Financial Superintendence in Colombia Develops Norms for Crypto Transactions
The Financial Control Authority of Colombia, the country’s financial and securities watchdog, is drafting a document to regulate transactions and activities using digital currency assets in the country. The organization has announced that in the coming weeks it will publish a document outlining the rules for working with these assets in Colombia’s financial system. Latin American governments are now taking cryptocurrency regulation seriously as adoption in their countries has begun to reach such numbers. Colombia’s Financial Supervision Authority, which controls the country’s financial system, is preparing a set of rules that will apply to the use of cryptocurrency in the country. This was stated by the president of this organization, Jorge Castano, during the event in Barranquilla. The document under consideration for an approval is now in the hands of the Central Bank of Colombia for review and comment. This is not the first time the company has dealt with cryptocurrencies.
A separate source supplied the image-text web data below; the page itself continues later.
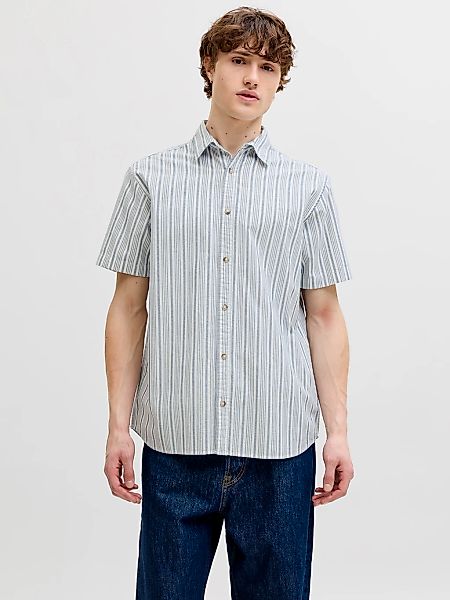 Jack & Jones Kurzarmhemd "JJCHAD OXFORD STRIPE SHIRT SS" günstig online kaufen
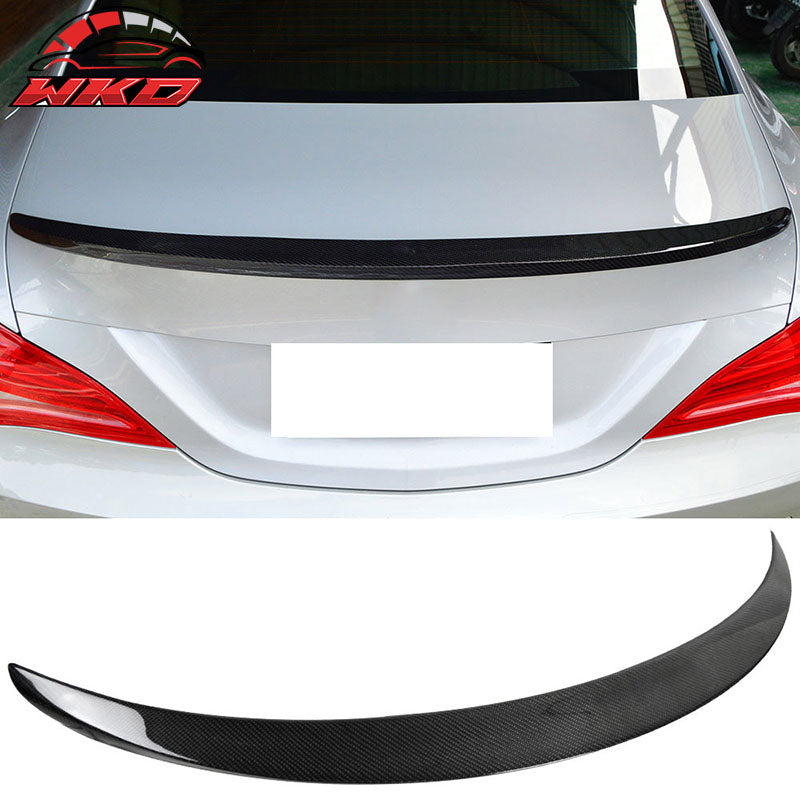 Closeout! Fits 14-18 Benz C117 W117 CLA Class AMG Carbon Fiber CF Trunk Spoiler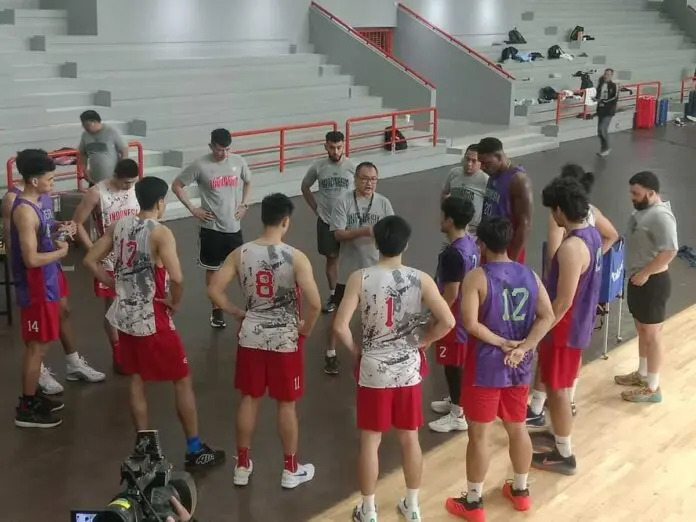 Timnas Basket Putra Tetap Optimis Raih Kemenangan di Dua Laga Sisa Timnas Basket Putra Tetap Optimis Raih Kemenangan di Dua Laga Sisa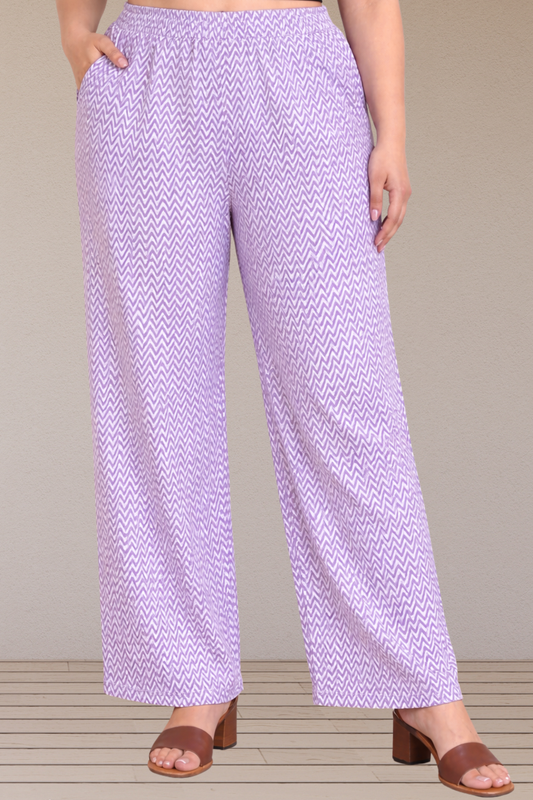 Lavender Chevron Cotton Pajama Pant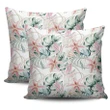 Hawaii Pillow Cover Tropical Pattern With Orchids Leaves And Gold Chains AH J1 - Alohawaii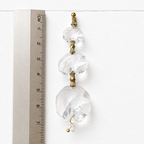 Pendientes cristal cascada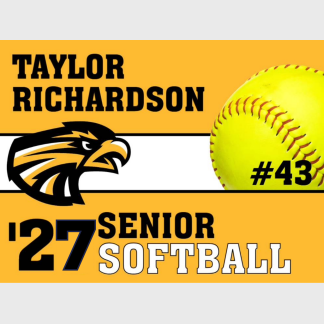Thompson Valley High School Softball yard signs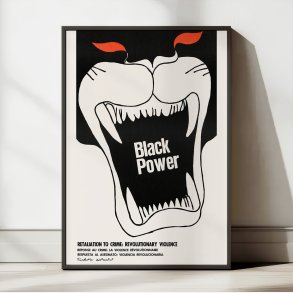 Black Power 1968 - Politisk plakat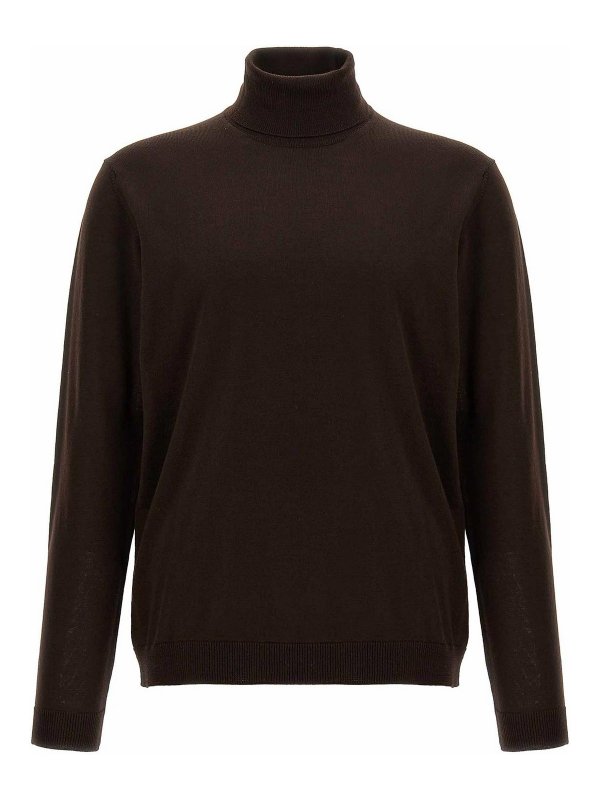 ROBERTO COLLINA: Turtlenecks & Polo necks - Wool Turtleneck Sweater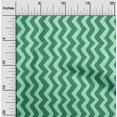 thumbnail image 2 of oneOone Velours Vert Tissu Chevron Matière de Robe Tissu Imprimé Tissu au Yard 58 Pouces de Large, 2 of 5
The financial watchdog was run by a pilot program called a “sandbox” that would allow crypto exchanges to work with private banks in the country, making it easier for users to buy digital currencies. Although Colombia has recently been known as a source of cryptocurrencies, the country is slowly leaning toward digital currencies. This is interesting for LATAM exchanges like Ripio and Pitsu, which have recently expanded their operations in the country. In addition, Colombia is one of the countries in Latin America with the highest number of crypto ATMs after El Salvador, which has deployed several Chivo ATMs to improve its national wallet infrastructure.
This is why regulators are now in the process of introducing digital currency to regulate the industry in the country. This month, the nation’s first bill to regulate cryptocurrency exchanges passed its first debate, which regulators hailed as a way to crack down on widespread fraud and Ponzi schemes. The interaction of the new rules and how they will work with those rules is still unclear.